#### [Exercise prompt]
Output the data below exactly, without images.

#### [Collected data]
******************************

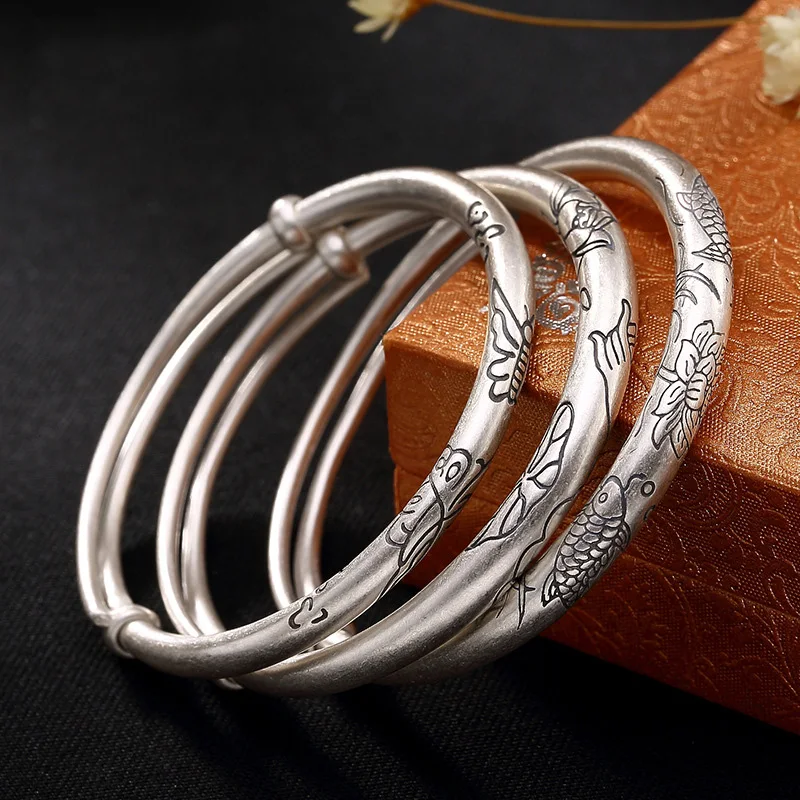 

Guaranteed 990 Sterling Silver Women Cuff Bracelets Bangle Wide Ethnic Boho Expandable Bangle Bracelet Bracelet Manchette Argent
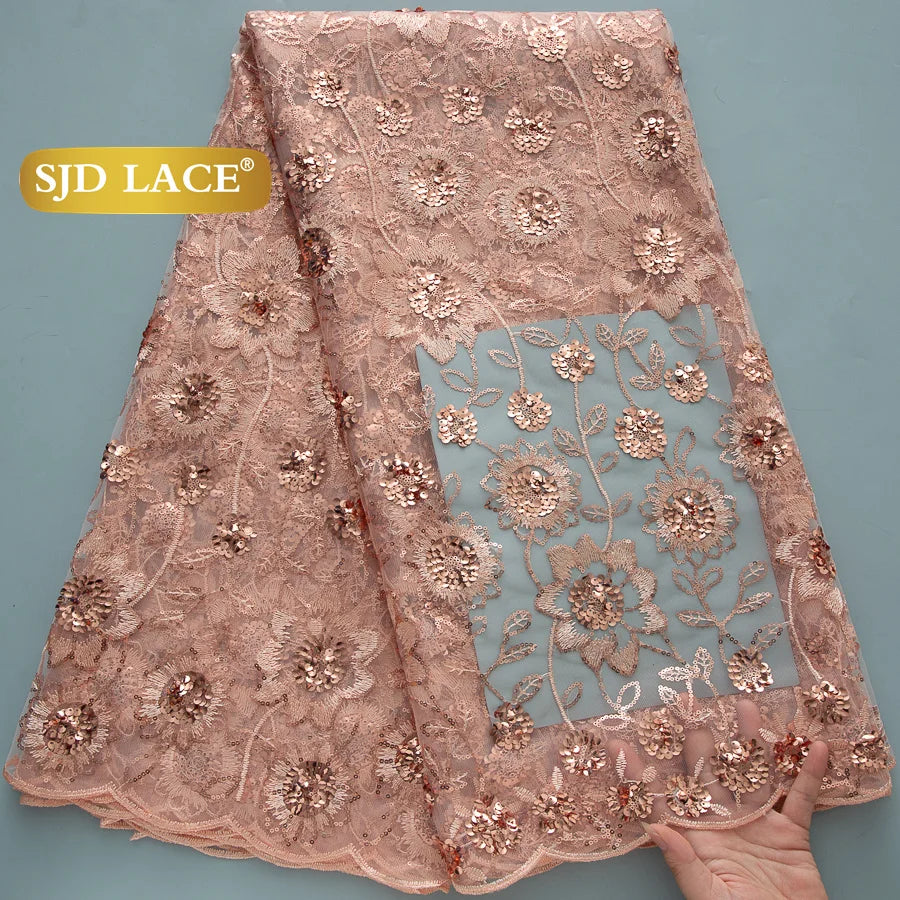SJD Lace African Mesh Sequins Fabric Bridal Lace Wedding Dress
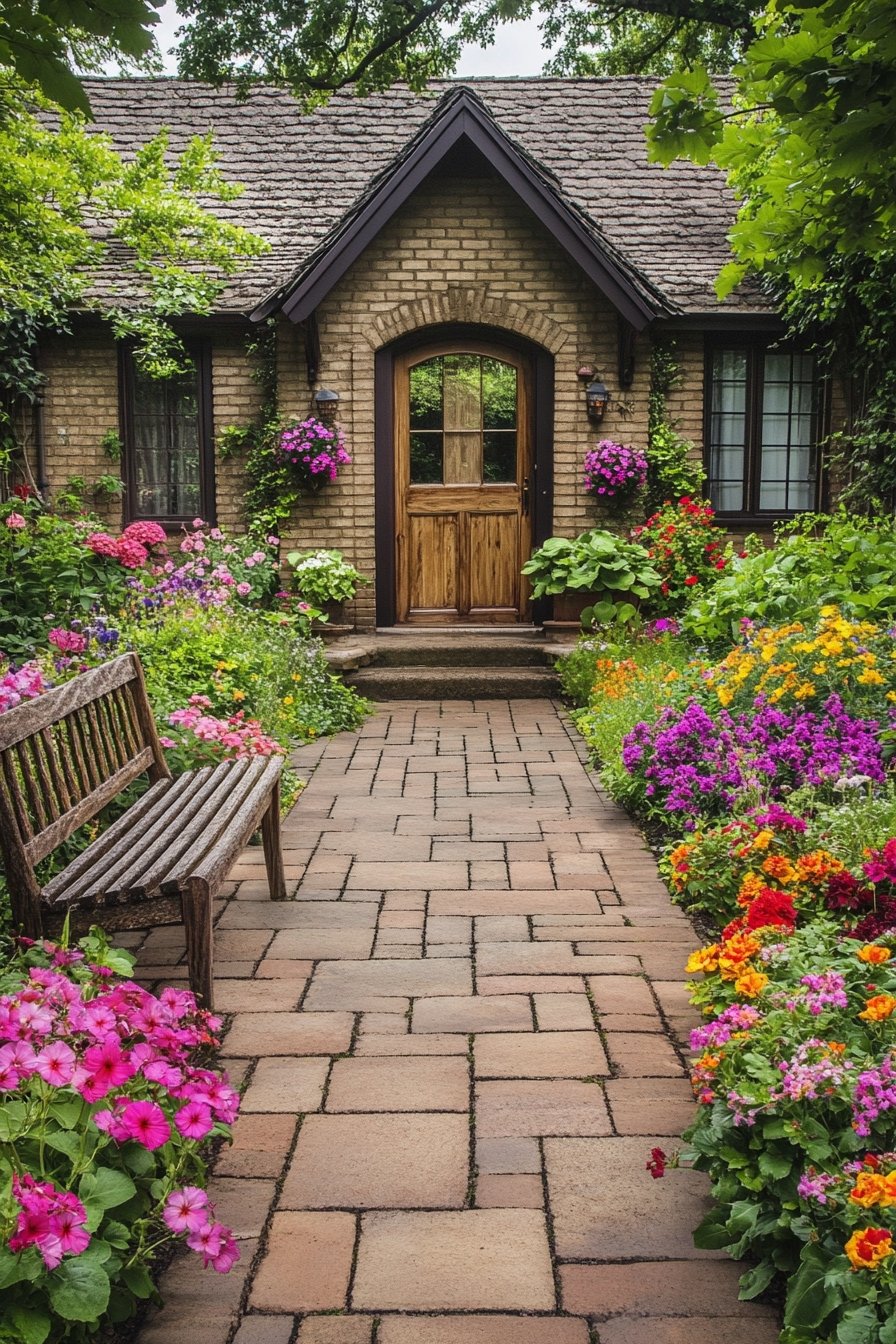 15. Transform Your Cottage Entryway With a Timeless Paver Path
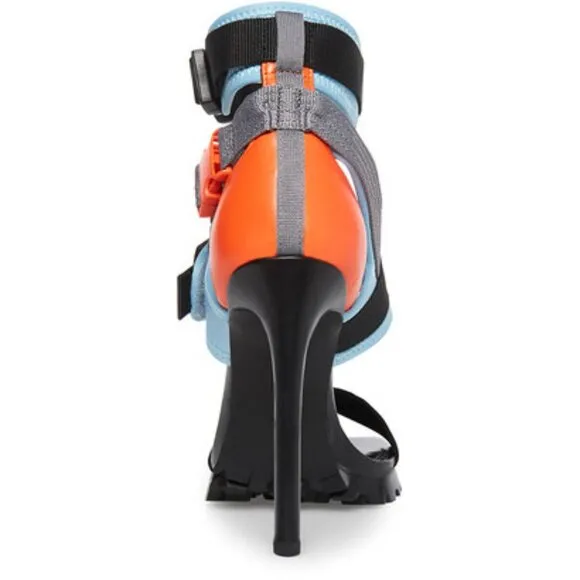 💥KILLER DESING!💥EDGY-CHIC STILETTO HEEL BUCKLED VIING SANDAL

******************************

#### [Answer section]
Guaranteed 990 Sterling Silver Women Cuff Bracelets Bangle Wide Ethnic Boho Expandable Bangle Bracelet Bracelet Manchette Argent
SJD Lace African Mesh Sequins Fabric Bridal Lace Wedding Dress
 15. Transform Your Cottage Entryway With a Timeless Paver Path
 💥KILLER DESING!💥EDGY-CHIC STILETTO HEEL BUCKLED VIING SANDAL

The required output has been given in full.